Just like humans, animals have individual preferences. That’s one of the things that makes keepers’ relationships with their animals so vital to each animal’s health and well-being. CMZoo’s African penguin flock is a great example of how species knowledge is supported by their care team’s connection with each individual.

Everyone knows penguins eat fish. Some might think that all penguins of the same subspecies would like the same kind of fish, but they would be wrong. The unique tastes of each CMZoo African penguin are on full display during daily penguin feedings in Water’s Edge: Africa. Guests can watch keepers offer four kinds of fish – herring, smelt, capelin and sprat – to accommodate CMZoo’s 16 picky penguins’ penchants.

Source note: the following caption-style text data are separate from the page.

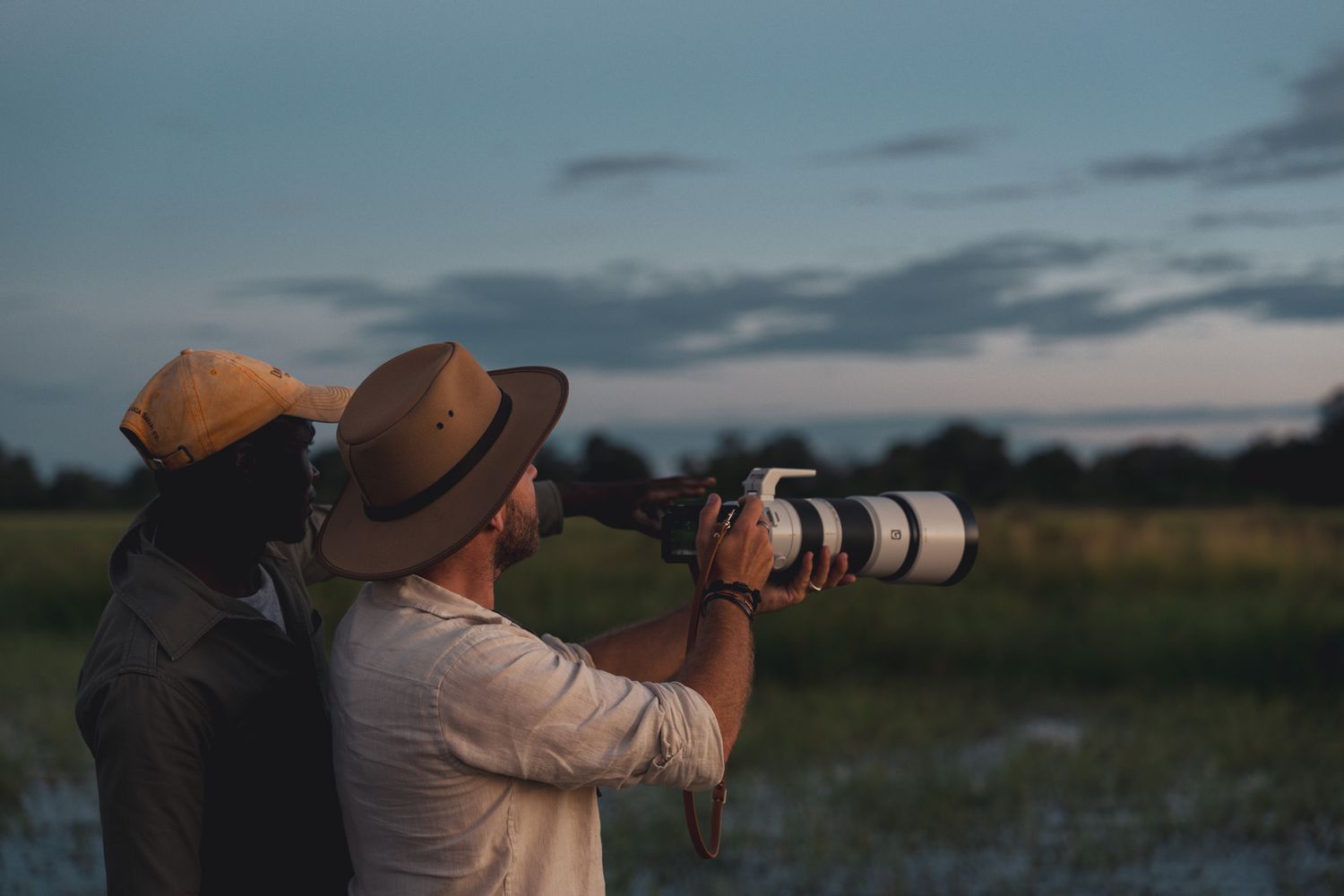 Two photographers with long lens cameras shooting wildlife at sunset.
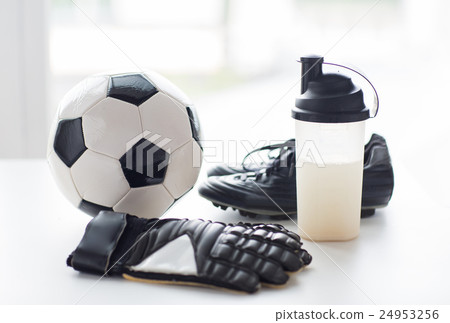 close up of football boots, gloves and bottle 24953256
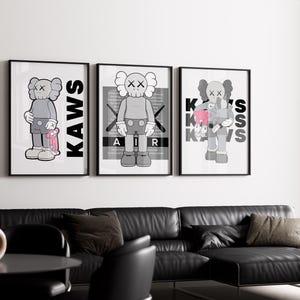 Puede incluir: Tres impresiones art&iacute;sticas enmarcadas con una figura de dibujos animados gris con ojos en forma de X. Las impresiones tienen marcos negros y las palabras "KAWS" o "AIR" en negrita. La obra de arte se exhibe sobre un sof&aacute; de cuero negro.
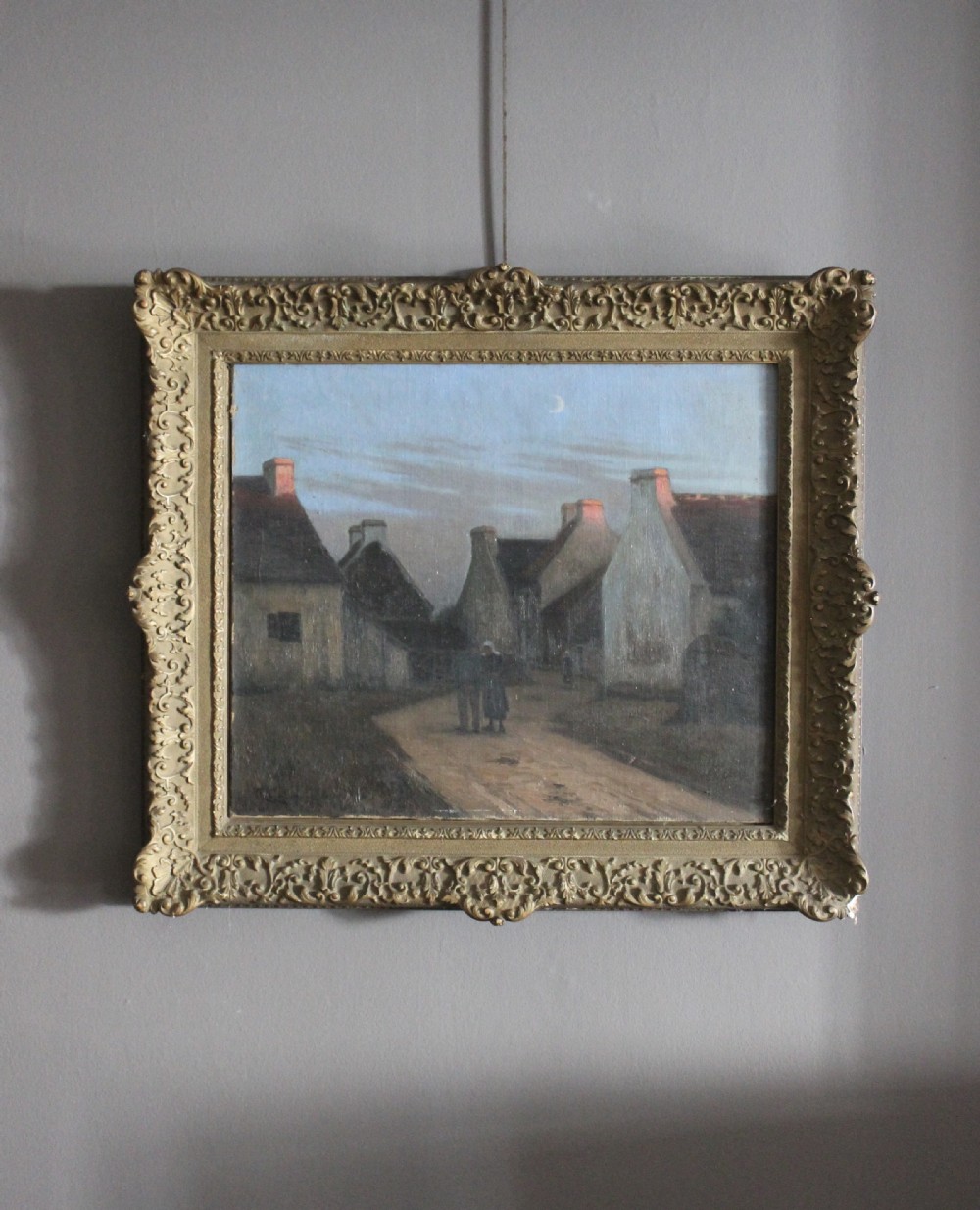 A 19th-century oil painting depicting a village street at twilight with cottages and a crescent moon, presented in an ornate giltwood frame.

“We usually know which type of fish to offer to each penguin, but changes in the seasons seem to inspire changes in their choices,” said Erin Henninger, Water’s Edge: Africa animal keeper. “For example, right now, Gary and Ichaboe like smelt, but they won’t eat herring. Safara and Rufaro are currently into herring, but won’t go near smelt. Most of the flock is choosing capelin right now and some will eat sprat occasionally. They have a hilarious way of telling you that you’re offering them the wrong fish. They shake their heads from side to side quickly or turn their faces away from it and wait – with intense side-eye stares – until you get it right.”

When a new animal arrives at CMZoo from another organization, its former care team is asked to provide an overview of its existing diet – main staples, favorite treats, high-value training rewards and things they don’t enjoy or haven’t responded well to in the past.

“To help a new arrival settle in, the veterinary team works with keepers and our commissary team to review their diet, order items we might not have and make any adjustments based on our experience with their species,” said Dr. Arnett. “Offering food to an animal is often a first opportunity to build a relationship, so we want to make sure they have their favorite treats and healthy meals.”

Again, it’s more important to support the animal as an individual, and not necessarily lean on what’s known about their species. Som, a female tree kangaroo who arrived at CMZoo last month, is a big fan of kale, so her keepers offer that leafy favorite as a way to calmly build trust with her during this foundational time. Tristan, CMZoo’s former male tree ‘roo who moved to Denver Zoo on a breeding recommendation from the Tree Kangaroo Species Survival Plan, despised kale. To each ‘roo, their own!

Atka, CMZoo’s 3-year-old male moose, arrived at Rocky Mountain Wild in July 2020 after being orphaned in the wild. He was only 8 weeks old when he came to CMZoo, so he was bottle fed by his keeper team. Although CMZoo had cared for moose before, he was CMZoo’s first nursing moose calf. Teams relied on the Association of Zoos and Aquariums network of expert knowledge and ever-evolving animal care science to create a formula and feeding schedule for the little guy.

“Currently, Atka’s diet consists of grain, some rye crackers for training, occasional algae from his pond, and a whole lot of browse, otherwise known as tree branches,” said Erika Furnes, animal keeper in Rocky Mountain Wild. “We’re one of the few zoos that is set up to care for moose, because we have a cooler climate, space to roam and swim, and a lot of native roughage.”

Atka’s team monitors his weight and body condition regularly, especially as he continues to grow. In the wild, moose snack on tree branches, bark, shrubs and aquatic vegetation. In human care, animal care teams provide items that species would eat in the wild and supplement with more readily available items, like grain. Moose are one of the few animals that eat pine needles, so guests will also see Atka snacking on the several pine trees in his habitat during the winter months.

CMZoo has a dedicated team of people who supply hundreds of pounds of browse daily for the various animals who need it. Browse, which includes tree logs, branches and leaves, is nutritious for many species. It’s also enriching for them to ‘work’ for their meals, by moving branches, stripping bark and chewing leaves.

Whether you’re gathering around a big bowl of leafy greens or snuggling up with a cup of hot cocoa, we encourage you to enjoy the holiday festivities in moderation – just like the animals at CMZoo!